▸ **YOUR INSTRUCTIONS**:
Output, word for word, the line that contains "Fiat 500X 1.5" and all lines after it in the records below, omitting pictures.

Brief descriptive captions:
——

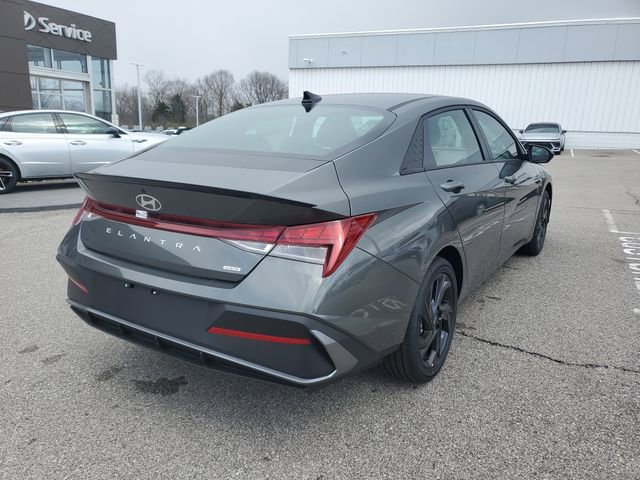 New 2026 Hyundai Elantra Sport image 4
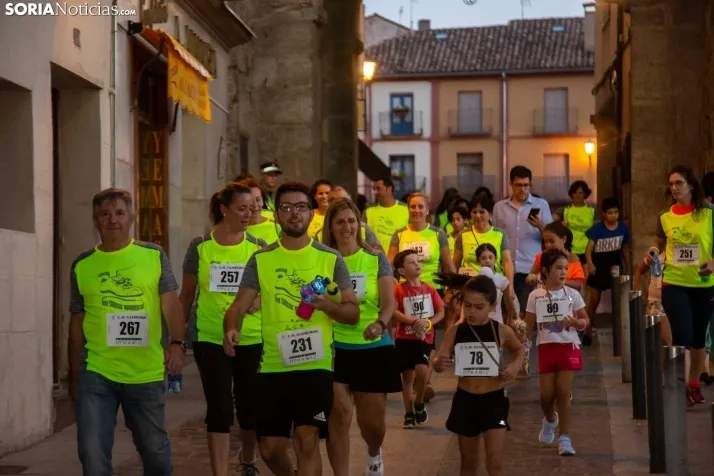 Carrera Nocturna Monumental Almazán 2022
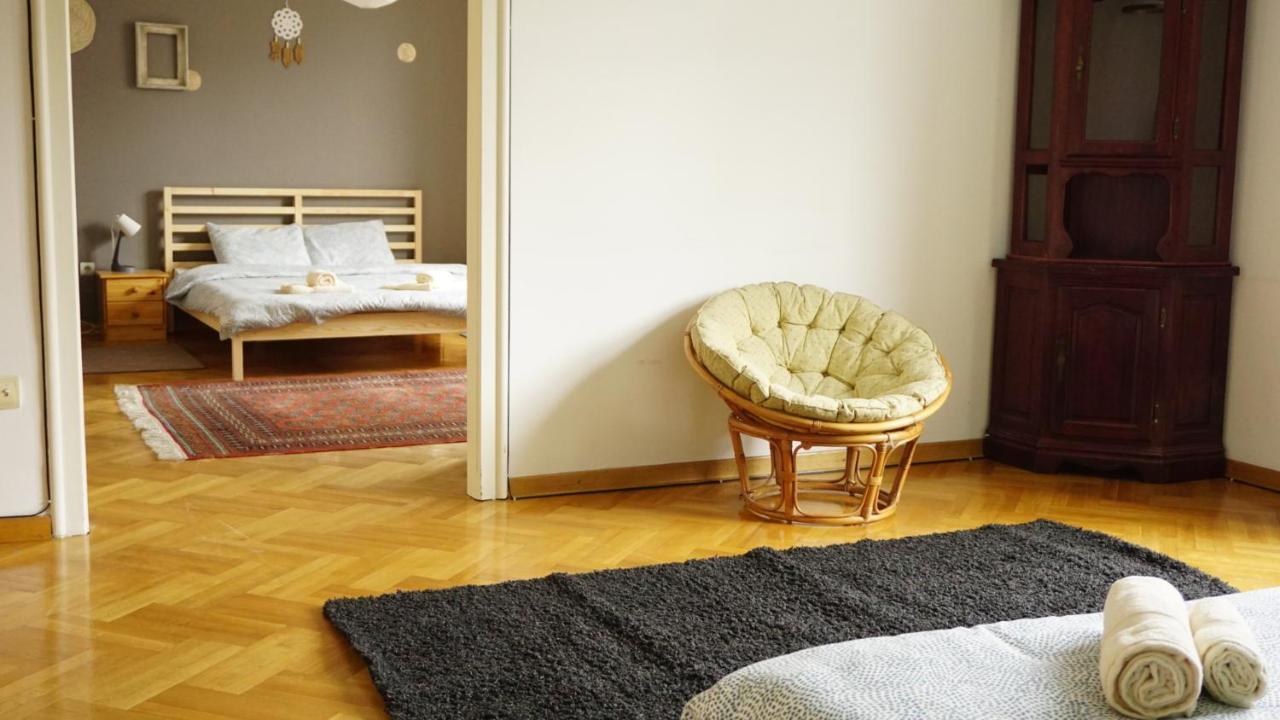Green Land Apartment Βελιγράδι Εξωτερικό φωτογραφία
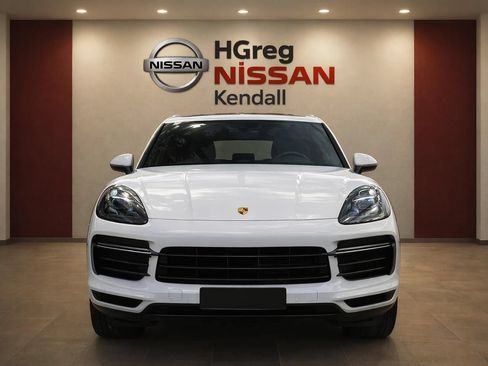 Used 2022 Porsche Cayenne AWD/4WD image 5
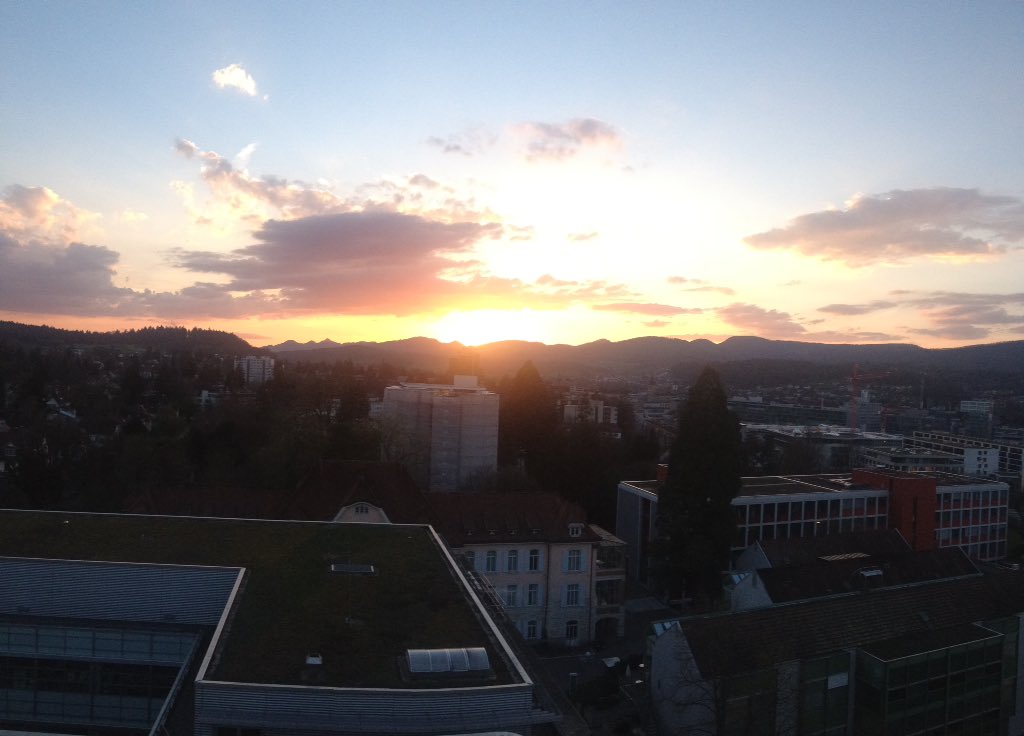 Iliandir's tweet photo. #Beautiful #view from my hospital bed🌅🚑🏥 only in #Switzerland! 🇨🇭  #elephantface #gettingbetter #illbeback 💪🏻😉🐘 https://t.co/rG9NWKKfQW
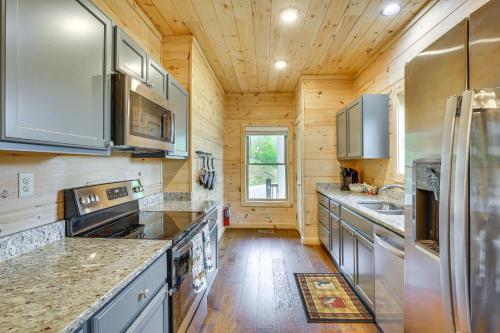 Pet-Friendly Boone Cabin with Mtn Views and Hot Tub! in Boone, USA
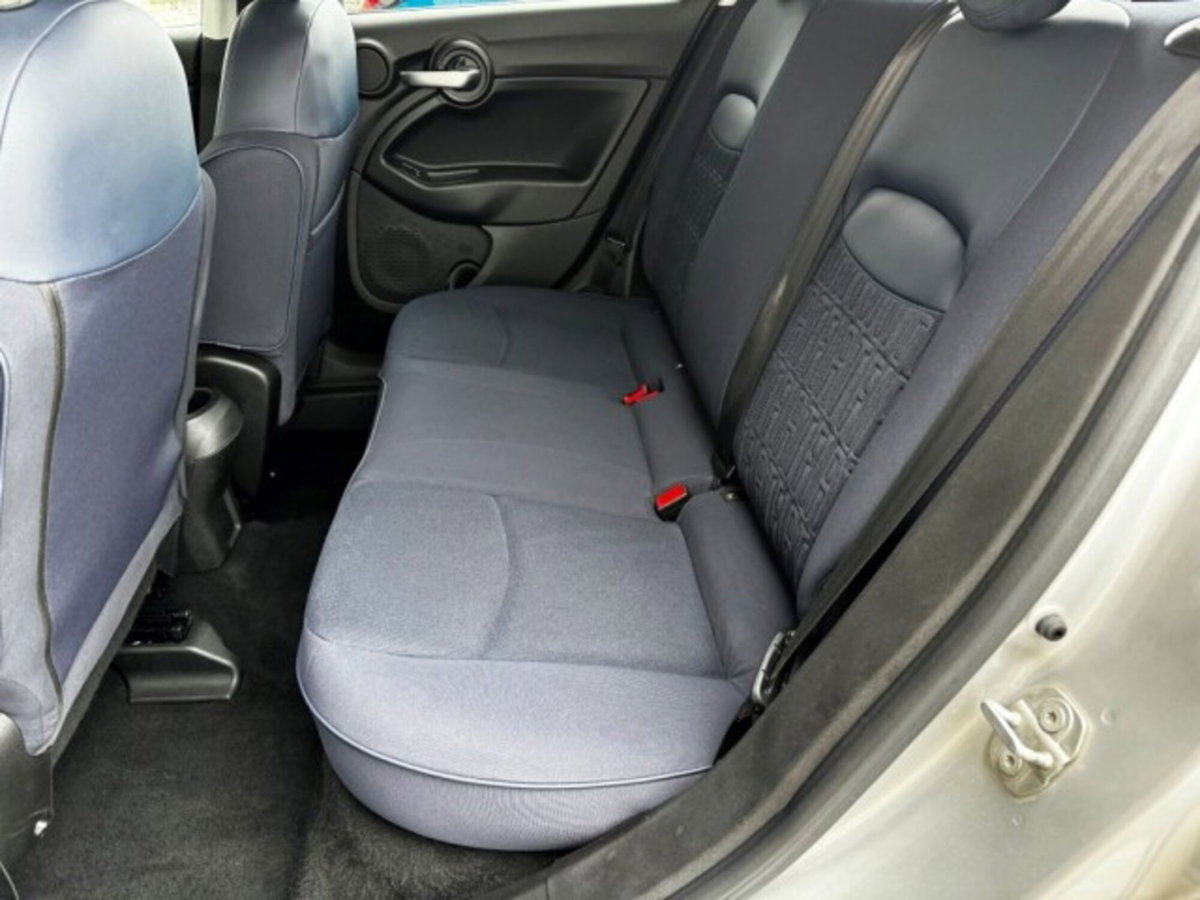 Fiat 500X 1.5 T4 Hybrid 130 CV DCT Yacht Club Capri (15)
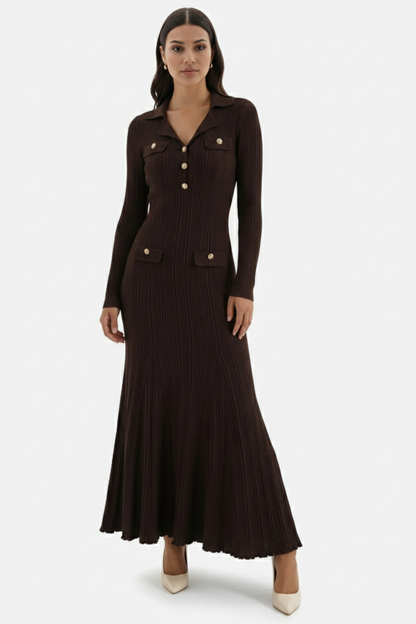 Damen-Maxikleid aus Strick mit langen Ärmeln von vorne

——

▸ **SOLUTION FOR THIS TASK**:
 Fiat 500X 1.5 T4 Hybrid 130 CV DCT Yacht Club Capri (15)
 Damen-Maxikleid aus Strick mit langen Ärmeln von vorne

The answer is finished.